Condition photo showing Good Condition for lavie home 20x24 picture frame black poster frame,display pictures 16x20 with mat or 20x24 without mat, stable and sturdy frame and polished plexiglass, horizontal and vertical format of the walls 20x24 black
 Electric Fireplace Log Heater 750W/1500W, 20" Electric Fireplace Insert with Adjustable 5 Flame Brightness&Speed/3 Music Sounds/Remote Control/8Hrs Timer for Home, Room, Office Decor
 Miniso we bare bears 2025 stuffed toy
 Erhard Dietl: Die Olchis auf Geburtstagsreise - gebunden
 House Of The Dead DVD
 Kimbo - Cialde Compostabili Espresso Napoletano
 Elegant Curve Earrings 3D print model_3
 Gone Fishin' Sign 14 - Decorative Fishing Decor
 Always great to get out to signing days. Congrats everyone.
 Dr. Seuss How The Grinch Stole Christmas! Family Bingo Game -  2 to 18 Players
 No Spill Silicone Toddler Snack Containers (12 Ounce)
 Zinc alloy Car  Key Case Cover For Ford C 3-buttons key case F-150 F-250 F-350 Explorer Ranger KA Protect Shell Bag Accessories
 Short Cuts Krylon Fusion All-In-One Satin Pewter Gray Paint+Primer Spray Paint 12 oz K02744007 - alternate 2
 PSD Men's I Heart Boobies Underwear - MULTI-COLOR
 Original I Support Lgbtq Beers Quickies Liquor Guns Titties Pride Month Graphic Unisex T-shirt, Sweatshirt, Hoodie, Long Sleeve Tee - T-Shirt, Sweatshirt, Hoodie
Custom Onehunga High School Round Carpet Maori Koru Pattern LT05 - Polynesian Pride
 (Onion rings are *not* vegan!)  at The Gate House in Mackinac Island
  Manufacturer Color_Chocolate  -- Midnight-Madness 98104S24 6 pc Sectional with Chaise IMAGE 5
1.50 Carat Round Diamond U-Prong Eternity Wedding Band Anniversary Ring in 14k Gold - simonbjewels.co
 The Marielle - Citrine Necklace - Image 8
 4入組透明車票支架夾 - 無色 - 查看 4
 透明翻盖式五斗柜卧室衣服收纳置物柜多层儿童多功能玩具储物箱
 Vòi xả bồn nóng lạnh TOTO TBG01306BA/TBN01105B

+-------+

▶ **PROBLEM**: Please copy exactly, and only, the lines from the line containing "Kimbo - Cialde" through the last line of the records, with both ends included.

▶ **WRITTEN RESPONSE**:
 Kimbo - Cialde Compostabili Espresso Napoletano
 Elegant Curve Earrings 3D print model_3
 Gone Fishin' Sign 14 - Decorative Fishing Decor
 Always great to get out to signing days. Congrats everyone.
 Dr. Seuss How The Grinch Stole Christmas! Family Bingo Game -  2 to 18 Players
 No Spill Silicone Toddler Snack Containers (12 Ounce)
 Zinc alloy Car  Key Case Cover For Ford C 3-buttons key case F-150 F-250 F-350 Explorer Ranger KA Protect Shell Bag Accessories
 Short Cuts Krylon Fusion All-In-One Satin Pewter Gray Paint+Primer Spray Paint 12 oz K02744007 - alternate 2
 PSD Men's I Heart Boobies Underwear - MULTI-COLOR
 Original I Support Lgbtq Beers Quickies Liquor Guns Titties Pride Month Graphic Unisex T-shirt, Sweatshirt, Hoodie, Long Sleeve Tee - T-Shirt, Sweatshirt, Hoodie
Custom Onehunga High School Round Carpet Maori Koru Pattern LT05 - Polynesian Pride
 (Onion rings are *not* vegan!)  at The Gate House in Mackinac Island
  Manufacturer Color_Chocolate  -- Midnight-Madness 98104S24 6 pc Sectional with Chaise IMAGE 5
1.50 Carat Round Diamond U-Prong Eternity Wedding Band Anniversary Ring in 14k Gold - simonbjewels.co
 The Marielle - Citrine Necklace - Image 8
 4入組透明車票支架夾 - 無色 - 查看 4
 透明翻盖式五斗柜卧室衣服收纳置物柜多层儿童多功能玩具储物箱
 Vòi xả bồn nóng lạnh TOTO TBG01306BA/TBN01105B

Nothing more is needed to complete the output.